20161120

Joel Chace


Certain Men (11/9/2016)

1.

He stares out a wine-bottle window. During the interview,

he blurted right out that he impersonates priests. After the silence,

he shrugged, so the very next question was “What does ‘and eat it too’

even mean?” More and more keeps cramming into that same corner.

Nonetheless, distractions do rise up: long stretch of yards behind

new townhouses; fog-hats on all the harbor buoys.

Rehearsing holy gestures in a mirror exhausts him; ditto, expressions

of awe, sighs. Refrain has two meanings. Everyone’s gotta be

somewhere. Such as a local Downs: trotters; sulkies; having bet,

people leaning over the rail — always at least one

four hundred pounder, his self flowing out all over size 80

basketball shorts; and God-gaunt couples, their eyes ablaze.



2.

He’s forgotten more about the soul than we’ve ever known.
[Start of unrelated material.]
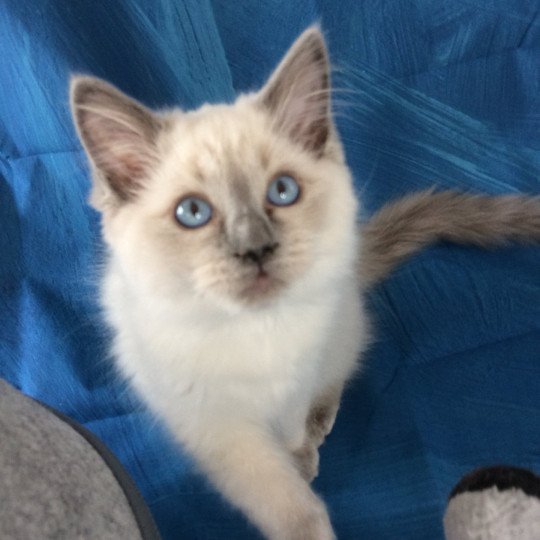 chaton Ragdoll blue point Radjah de la Croisette Les Ragdolls de la Croisette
Once the sun stands still in the sky, the issue of mission creep

will become moot. Sentence has two meanings. Each time parking,

he just sits for a long, good while. Remembering mother and

grandmother weeping as the great diseased elms were taken down.

Equations imply that anyone you meet’s your cousin;

Genesis doesn’t take as clear a stance. Eyes: shut. Breaths:

steady; deep. Stump-fires flare darkness in the lower flats. Until…

Until he...Knees open the car door, and it’s all business.

If flames reach the roots, they may burn forever. He admits,

now, he could have stayed seated, way back, that once, and everything

would be different. If you shed blood, you can be sure it’s kin’s.



3.

Probably he can’t recall when the thought came.

The idea, after all, is to make cessation slow,

an agony. Making the order, the whole school new and his.

“Good soldier, here is a wooden shield; you must bear it

lying down.” Windows in his spacious office pull in all

available light. Peine forte et dure. “This boulder represents

your years of service.” Records show only one occurrence.

Then I confess a lie to buy a life.
His happiest moments,

signing documents at the rolltop desk. More weight. More

weight.
He roots for Notre Dame. “And this stone stands for

loyalty of your students.” The evidence was spectral but

admitted. More weight. Which is not life, but only death

in life.
“And here is your rock of rages; kindly place it

over your heart.” He also frequently writes in his book.

Giles’s tongue being pressed out of his mouth, the Sheriff

with his cane forced it in again, as he was dying.






Joel Chace has published work in print and electronic magazines such as The Tip of the Knife, Counterexample Poetics, OR, Country Music, Infinity's Kitchen, and Jacket. Most recent collections include Sharpsburg, from Cy Gist Press, Blake's Tree, from Blue & Yellow Dog Press, Whole Cloth, from Avantacular Press, Red Power, from Quarter After Press, Kansoz, from Knives, Forks, and Spoons Press, Web Too, from Tonerworks, and Scorpions, from Unlikely Books.